Audio Tasks — Speech Recognition (Wav2Vec2-Large)

Method TIMIT PER↓
Full FT 7.48
LoRA 9.38
FVAE-LoRA 8.09

Ablation Study — Robustness to Spurious Correlations

Method ANIMALS WG WATERBIRDS WG CELEBA WG Gap WG-AVG
LoRA 54.79 75.49 40.00 34.8
FVAE-LoRA 62.0 75.85 43.33 31.71

FVAE-LoRA consistently achieves higher worst-group accuracy, confirming that \(\mathbf{z}_1\) captures causally relevant task features.
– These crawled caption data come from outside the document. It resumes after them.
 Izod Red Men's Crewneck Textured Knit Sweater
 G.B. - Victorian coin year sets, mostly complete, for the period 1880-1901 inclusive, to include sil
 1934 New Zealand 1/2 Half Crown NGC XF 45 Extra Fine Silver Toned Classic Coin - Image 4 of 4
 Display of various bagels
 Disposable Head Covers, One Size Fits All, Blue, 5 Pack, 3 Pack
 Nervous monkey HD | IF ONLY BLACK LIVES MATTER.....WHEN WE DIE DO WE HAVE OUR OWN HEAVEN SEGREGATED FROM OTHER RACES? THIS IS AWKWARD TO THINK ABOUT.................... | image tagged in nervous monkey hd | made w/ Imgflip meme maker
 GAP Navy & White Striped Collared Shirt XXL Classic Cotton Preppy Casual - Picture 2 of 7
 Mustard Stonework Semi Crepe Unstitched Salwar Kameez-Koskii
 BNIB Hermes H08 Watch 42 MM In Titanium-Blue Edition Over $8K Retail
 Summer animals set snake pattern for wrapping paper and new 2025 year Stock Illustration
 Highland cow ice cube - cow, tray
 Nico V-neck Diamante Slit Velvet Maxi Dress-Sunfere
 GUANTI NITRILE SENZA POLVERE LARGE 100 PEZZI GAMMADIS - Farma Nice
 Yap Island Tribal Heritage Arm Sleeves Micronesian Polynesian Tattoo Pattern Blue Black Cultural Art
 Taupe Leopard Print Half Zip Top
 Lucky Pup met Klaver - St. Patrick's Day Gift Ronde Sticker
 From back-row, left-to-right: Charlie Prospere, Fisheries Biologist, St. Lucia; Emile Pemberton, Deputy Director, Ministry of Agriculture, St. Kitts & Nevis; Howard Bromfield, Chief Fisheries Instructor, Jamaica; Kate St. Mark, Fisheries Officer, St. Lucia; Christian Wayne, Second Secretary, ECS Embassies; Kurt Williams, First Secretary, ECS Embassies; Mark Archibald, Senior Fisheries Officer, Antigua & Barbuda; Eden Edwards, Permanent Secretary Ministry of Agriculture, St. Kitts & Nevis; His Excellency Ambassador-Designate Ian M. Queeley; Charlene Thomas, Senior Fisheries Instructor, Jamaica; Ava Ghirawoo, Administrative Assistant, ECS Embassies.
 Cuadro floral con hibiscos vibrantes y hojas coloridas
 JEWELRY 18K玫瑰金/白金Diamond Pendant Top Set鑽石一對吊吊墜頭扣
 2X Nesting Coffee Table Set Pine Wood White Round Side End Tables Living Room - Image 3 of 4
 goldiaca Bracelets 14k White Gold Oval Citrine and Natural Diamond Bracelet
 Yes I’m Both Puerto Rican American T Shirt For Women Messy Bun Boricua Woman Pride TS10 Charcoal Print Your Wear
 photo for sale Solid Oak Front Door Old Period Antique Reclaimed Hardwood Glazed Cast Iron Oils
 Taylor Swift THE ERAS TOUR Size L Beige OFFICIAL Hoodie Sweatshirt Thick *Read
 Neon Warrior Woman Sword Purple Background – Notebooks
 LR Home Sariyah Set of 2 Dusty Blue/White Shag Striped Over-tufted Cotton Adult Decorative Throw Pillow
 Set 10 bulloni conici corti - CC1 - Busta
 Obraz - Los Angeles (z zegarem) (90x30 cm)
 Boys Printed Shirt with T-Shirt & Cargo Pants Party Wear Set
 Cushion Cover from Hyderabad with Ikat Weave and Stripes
Ablation — Necessity of the Factorization Objective

Method Avg Accuracy
VAE2LAT (no factorization) 86.43
\(\beta\)-VAE2LAT 87.29
FVAE-LoRA 89.53

Key Findings

  1. FVAE-LoRA consistently outperforms standard LoRA across image, text, and audio modalities
  2. On 6 image datasets, FVAE-LoRA marginally surpasses full fine-tuning with only 0.73% of parameters
  3. Spurious correlation experiments confirm that \(\mathbf{z}_1\) learns causally relevant features
  4. The \(\Gamma\) repulsion regularizer is critical for performance (ablation: +3.1 pp)

Highlights & Insights

  • Principled Innovation: The first work to apply VAE latent space factorization to PEFT, enabling semantic-level control over LoRA update content
  • Theoretical Rigor: An upper-bound proof on the Wasserstein repulsion distance provides theoretical grounding for the \(\Gamma\) regulator
  • Cross-Modal Generality: Demonstrated effectiveness on text (Llama-3-8B), image (ViT-B/16), and audio (Wav2Vec2)
  • Robustness Gains: The spurious correlation experiments offer compelling validation — improvements are observed not only in average accuracy but also in worst-group performance

Limitations & Future Work

  1. Additional hyperparameters (\(\alpha, \beta, \delta, \lambda\), prior centers) increase tuning complexity
  2. Training requires running the full FVAE (two encoders + one decoder), incurring greater computational cost than standard LoRA
  3. Inference requires only \(q_{\phi_1}\), but more parameters must be stored
  4. The prior center \(\mu_2 = 1.5\) is chosen empirically, and sensitivity analysis remains limited
  • LoRA (Hu et al., 2022): The foundation of this work
  • \(\beta\)-VAE (Higgins et al., 2017): A seminal method for disentangled latent representations
  • DoRA (Liu et al., 2024): A LoRA variant based on weight decomposition
  • HiRA (Huang et al., 2025): Hadamard high-rank adaptation
  • Insight: The next frontier in PEFT lies not only in how to fine-tune, but in what to fine-tune — semantic-level information filtering is a critical direction

Rating

⭐⭐⭐⭐⭐ (4.5/5) The theoretical formulation is elegant, the experiments are comprehensive, cross-modal validation is thorough, and the spurious correlation experiments are convincing. The main drawbacks are increased training overhead and a relatively large number of hyperparameters.